[Stored entries]
================

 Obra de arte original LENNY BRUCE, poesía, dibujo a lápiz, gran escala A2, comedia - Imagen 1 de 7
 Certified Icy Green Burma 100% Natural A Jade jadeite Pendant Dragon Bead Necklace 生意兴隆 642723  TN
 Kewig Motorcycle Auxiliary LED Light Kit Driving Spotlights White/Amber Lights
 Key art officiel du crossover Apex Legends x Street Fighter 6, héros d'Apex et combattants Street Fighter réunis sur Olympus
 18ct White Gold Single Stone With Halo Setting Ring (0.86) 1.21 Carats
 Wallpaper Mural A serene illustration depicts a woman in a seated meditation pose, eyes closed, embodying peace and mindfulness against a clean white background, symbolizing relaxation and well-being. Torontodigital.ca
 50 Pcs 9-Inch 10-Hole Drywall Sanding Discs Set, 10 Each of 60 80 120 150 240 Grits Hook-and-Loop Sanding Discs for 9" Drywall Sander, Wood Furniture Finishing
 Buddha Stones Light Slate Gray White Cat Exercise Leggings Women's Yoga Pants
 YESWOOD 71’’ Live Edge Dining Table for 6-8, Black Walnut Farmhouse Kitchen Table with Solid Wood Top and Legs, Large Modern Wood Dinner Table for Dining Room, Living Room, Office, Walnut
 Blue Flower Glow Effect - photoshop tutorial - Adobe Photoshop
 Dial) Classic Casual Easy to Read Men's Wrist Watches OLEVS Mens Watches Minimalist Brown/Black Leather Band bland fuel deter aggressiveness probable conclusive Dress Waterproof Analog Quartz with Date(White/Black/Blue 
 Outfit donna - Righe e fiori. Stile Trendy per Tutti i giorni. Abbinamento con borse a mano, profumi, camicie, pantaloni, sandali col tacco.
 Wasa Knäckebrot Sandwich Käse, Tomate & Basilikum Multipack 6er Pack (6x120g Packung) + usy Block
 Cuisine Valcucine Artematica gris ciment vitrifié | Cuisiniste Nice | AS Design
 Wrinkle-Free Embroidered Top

================

• _INSTRUCTIONS FOR THE TASK_: Transcribe the records in full, word for word.

• _EXERCISE SOLUTION_:
 Obra de arte original LENNY BRUCE, poesía, dibujo a lápiz, gran escala A2, comedia - Imagen 1 de 7
 Certified Icy Green Burma 100% Natural A Jade jadeite Pendant Dragon Bead Necklace 生意兴隆 642723  TN
 Kewig Motorcycle Auxiliary LED Light Kit Driving Spotlights White/Amber Lights
 Key art officiel du crossover Apex Legends x Street Fighter 6, héros d'Apex et combattants Street Fighter réunis sur Olympus
 18ct White Gold Single Stone With Halo Setting Ring (0.86) 1.21 Carats
 Wallpaper Mural A serene illustration depicts a woman in a seated meditation pose, eyes closed, embodying peace and mindfulness against a clean white background, symbolizing relaxation and well-being. Torontodigital.ca
 50 Pcs 9-Inch 10-Hole Drywall Sanding Discs Set, 10 Each of 60 80 120 150 240 Grits Hook-and-Loop Sanding Discs for 9" Drywall Sander, Wood Furniture Finishing
 Buddha Stones Light Slate Gray White Cat Exercise Leggings Women's Yoga Pants
 YESWOOD 71’’ Live Edge Dining Table for 6-8, Black Walnut Farmhouse Kitchen Table with Solid Wood Top and Legs, Large Modern Wood Dinner Table for Dining Room, Living Room, Office, Walnut
 Blue Flower Glow Effect - photoshop tutorial - Adobe Photoshop
 Dial) Classic Casual Easy to Read Men's Wrist Watches OLEVS Mens Watches Minimalist Brown/Black Leather Band bland fuel deter aggressiveness probable conclusive Dress Waterproof Analog Quartz with Date(White/Black/Blue 
 Outfit donna - Righe e fiori. Stile Trendy per Tutti i giorni. Abbinamento con borse a mano, profumi, camicie, pantaloni, sandali col tacco.
 Wasa Knäckebrot Sandwich Käse, Tomate & Basilikum Multipack 6er Pack (6x120g Packung) + usy Block
 Cuisine Valcucine Artematica gris ciment vitrifié | Cuisiniste Nice | AS Design
 Wrinkle-Free Embroidered Top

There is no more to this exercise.